Becky has asked for the wisdom of the Perl Monks concerning the following question:

I've got a perl program which reads a file, parses it and inserts the relevant information into an Access database. This all works fine except that Access doesn't like newline characters and replaces them all with a little box. This makes my data impossible to read n Access. On the advice of a colleague I tried substituting as follows:

if (!$input =~ /\r\n/){ $input =~ s/\n/\r\n/gi; }

but with no luck. Any other ideas?

Replies are listed 'Best First'.
Re: formatting newline characters
by princepawn (Parson) on Nov 05, 2002 at 15:40 UTC
    Perl is smart about \n and the value of it changes to whatever is used for the line-ending on your operating system.

    There is no need to use an if-then, just try the substitution and if there is nothing to substitute then it wont substitute.

    But more than likely you can just chomp $input.

Re: formatting newline characters
by fglock (Vicar) on Nov 05, 2002 at 15:59 UTC

    If your problem is to remove all newlines you may try this:

    $input =~ s/[\r\n]//g;
      No, the problem is that I really need to keep them but as newlines - Access keeps effectively ignoring them by converting them to boxes. The reason for the substitution was that I was told that Access might prefer \r\n to \n, but this doesn't seem to be the case. Thanks anyway.

        It's true that access prefers \r\n, but only if you're on a unix. On windows, access prefers the \n. The reason for the confusion is that \n isn't really a character, it's a LOGICAL newline. From perlport:

        Perl uses "\n" to represent the "logical" newline, where what is logical may depend on the platform in use. In MacPerl, "\n" always means "\015". In DOSish perls, "\n" usually means "\012", but when accessing a file in "text" mode, STDIO translates it to (or from) "\015\012", depend- ing on whether you're reading or writing. Unix does the same thing on ttys in canonical mode. "\015\012" is com- monly referred to as CRLF.

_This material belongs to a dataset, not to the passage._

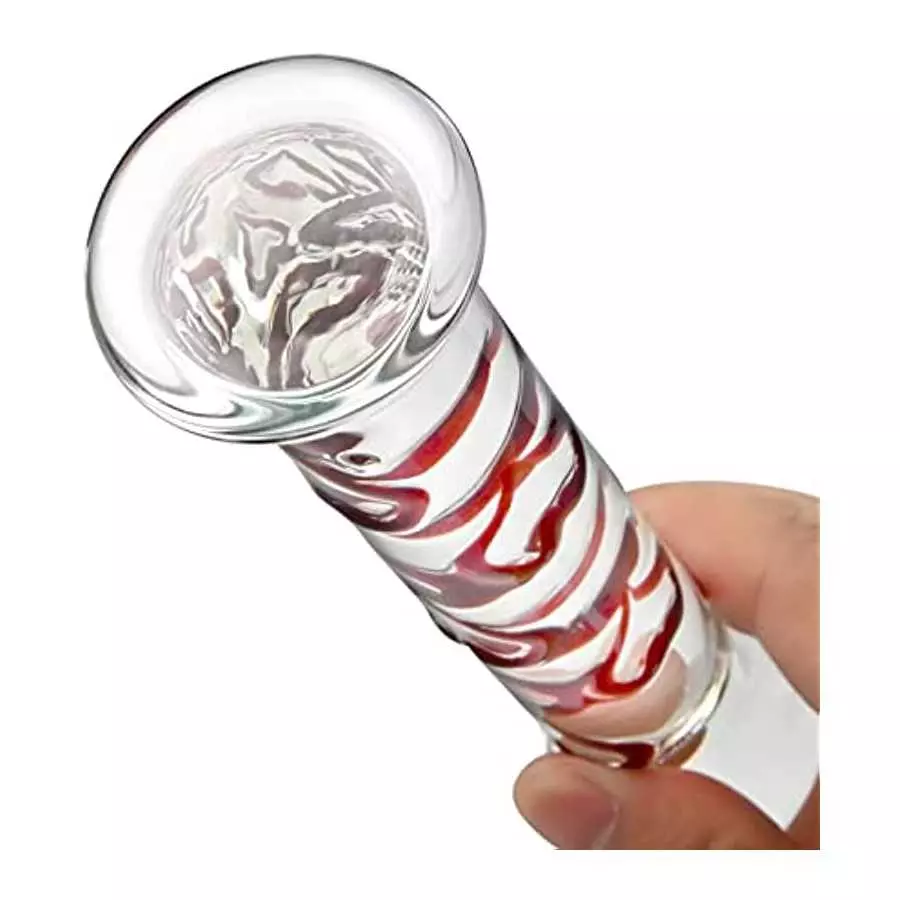Crystal Glass Dildo Penis G-spot Stimulation, Anal Plug Butt Plug Masturbation Stimulator Sex Toys with Red Heart Pattern Pleasu
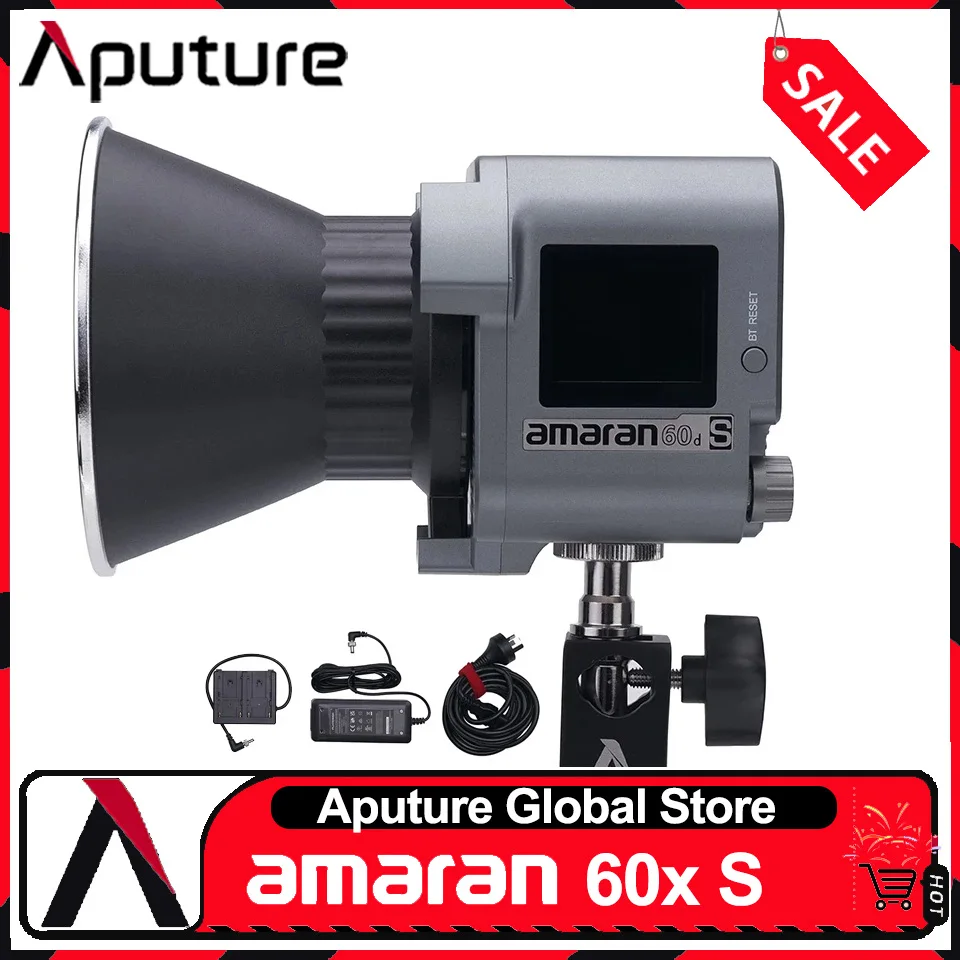 Aputure Amaran COB 60d S 5600K Daylight 60W Portable Photography Stuido Video Lighting CRI≥96 TLCI≥99  8 Built-in Light Effects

        So in order to fix unix newlines to dos newlines, you need to ADD a LF to the end of lines:

        my $LF = "\012"; while (<>) } s/$/$LF/g; }

        -- Dan

        Try using the s flag on your regular expression, to match multiple lines. The regex you are now using will not match newlines - it stops at the first one.
        $input =~ s/\n/\r\n/gs;
        Also, you might try some sanity checks:
        print "contains CR's!\n" if $input=~/\r/s; print "contains NL's!\n" if $input=~/\n/s; ...
        Good luck!
        Access uses a font(really a control method) where \n (really all control characters) look like a box. So access stores your \n correctly and there is no way to show two lines, which you evidently want.